- _Task material_:
= = = = =
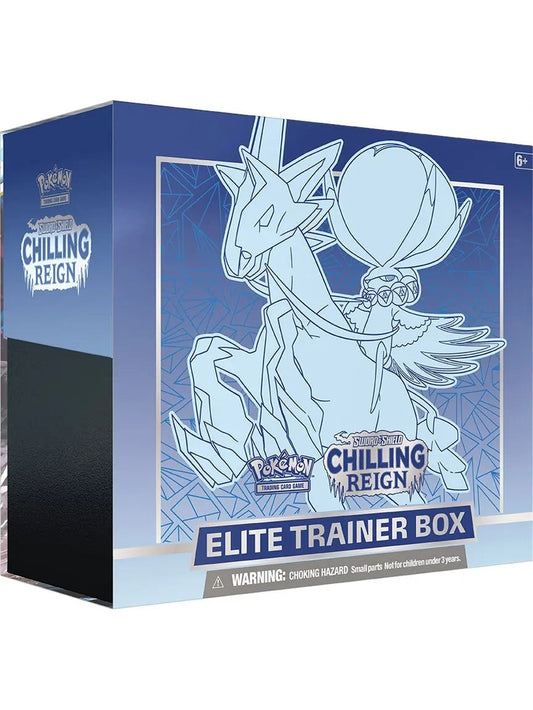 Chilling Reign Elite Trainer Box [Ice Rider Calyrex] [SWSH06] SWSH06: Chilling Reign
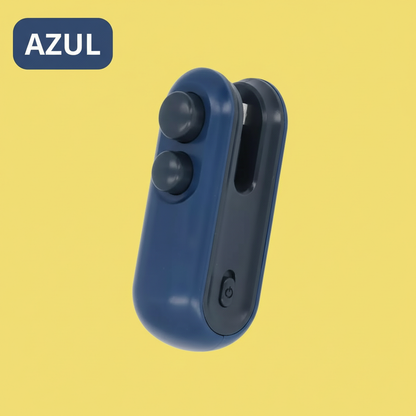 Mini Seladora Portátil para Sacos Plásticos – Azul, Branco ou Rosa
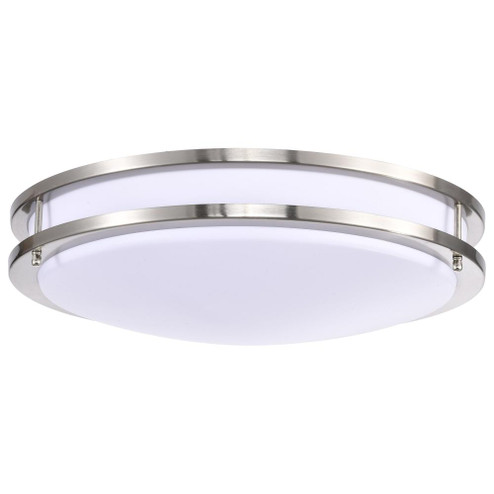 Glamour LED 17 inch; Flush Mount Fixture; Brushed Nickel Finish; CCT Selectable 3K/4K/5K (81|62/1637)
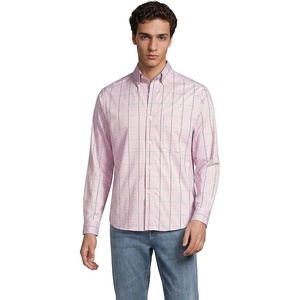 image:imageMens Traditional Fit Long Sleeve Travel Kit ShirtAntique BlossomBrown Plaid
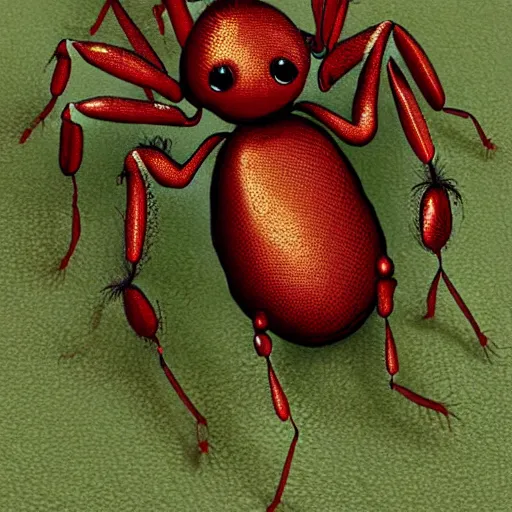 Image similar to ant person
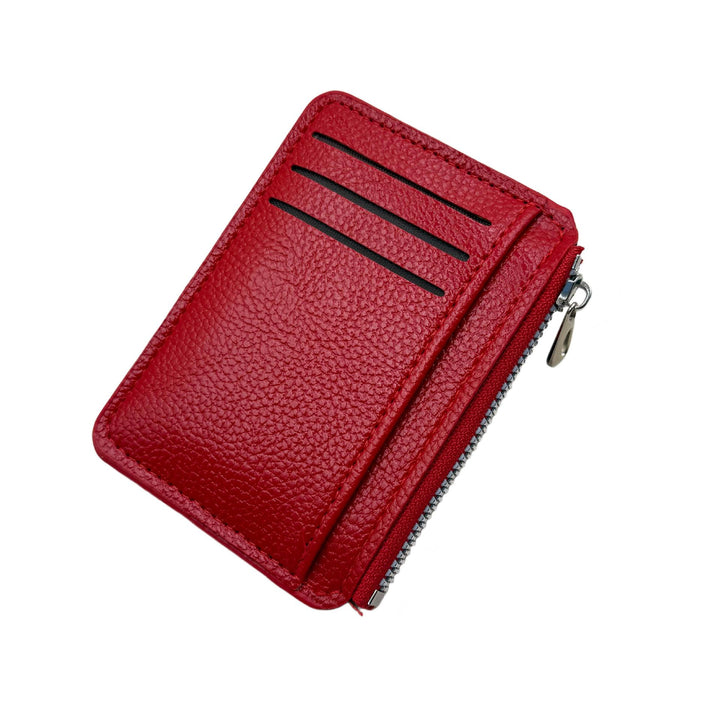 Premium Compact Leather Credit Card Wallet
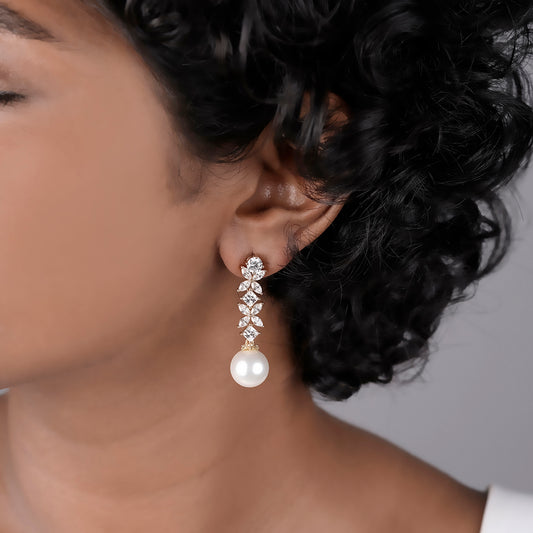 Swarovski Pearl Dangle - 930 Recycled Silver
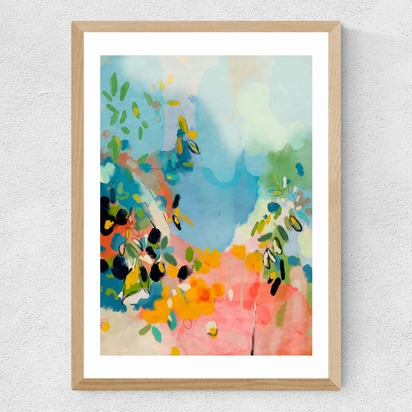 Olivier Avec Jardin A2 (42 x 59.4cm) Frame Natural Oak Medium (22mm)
= = = = =
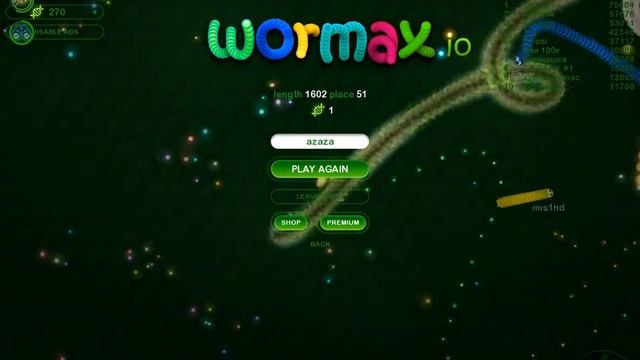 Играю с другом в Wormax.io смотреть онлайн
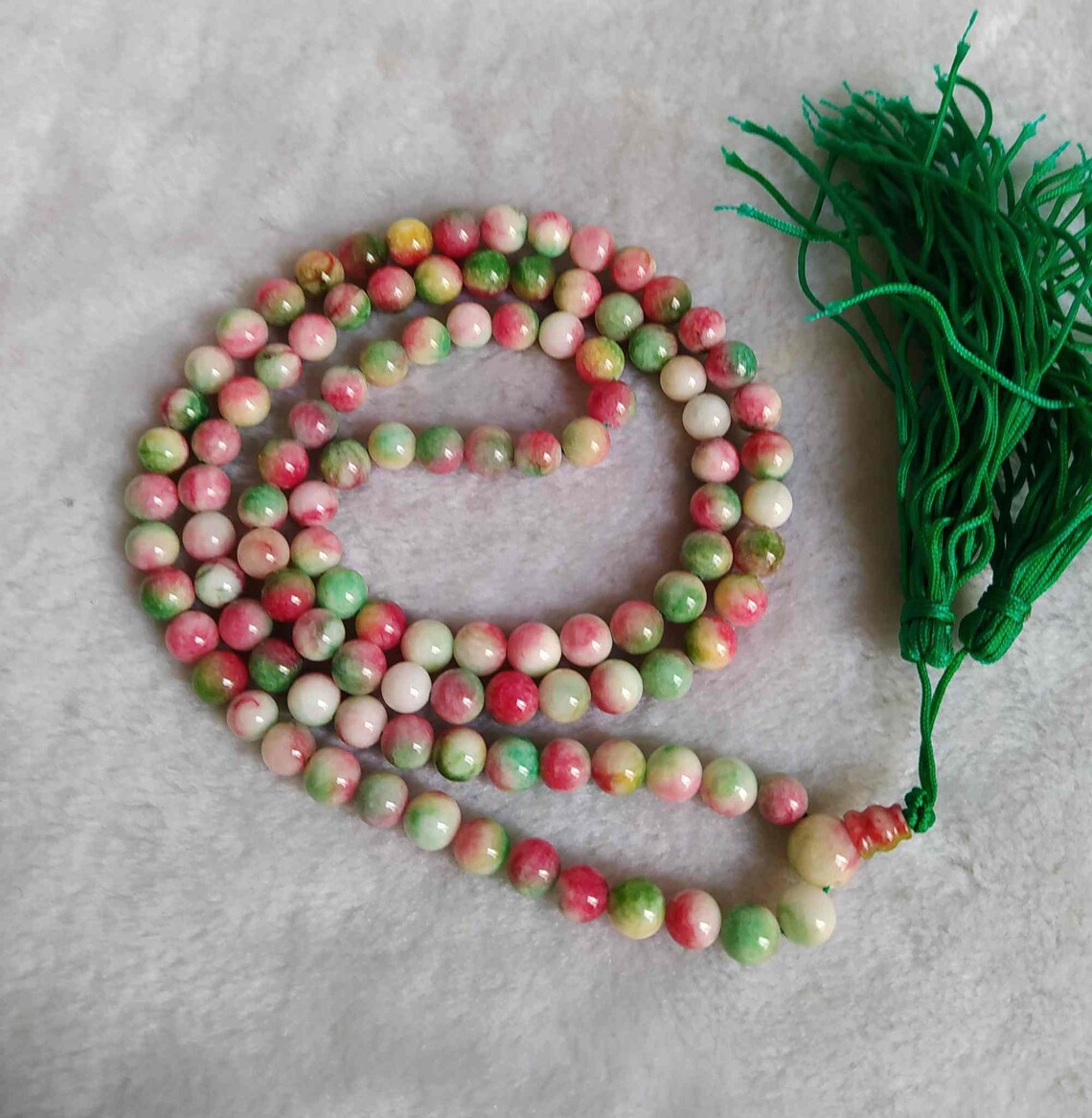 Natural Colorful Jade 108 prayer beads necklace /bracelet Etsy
= = = = =
- _About this task_: Only the lines above starting with the line with "Premium Compact Leather Credit Card Wallet" and going on through the line with "Olivier Avec Jardin" belong in the answer; repeat them exactly, minus any picture.

- _Answer section_:
 Premium Compact Leather Credit Card Wallet
 Swarovski Pearl Dangle - 930 Recycled Silver
 Olivier Avec Jardin A2 (42 x 59.4cm) Frame Natural Oak Medium (22mm)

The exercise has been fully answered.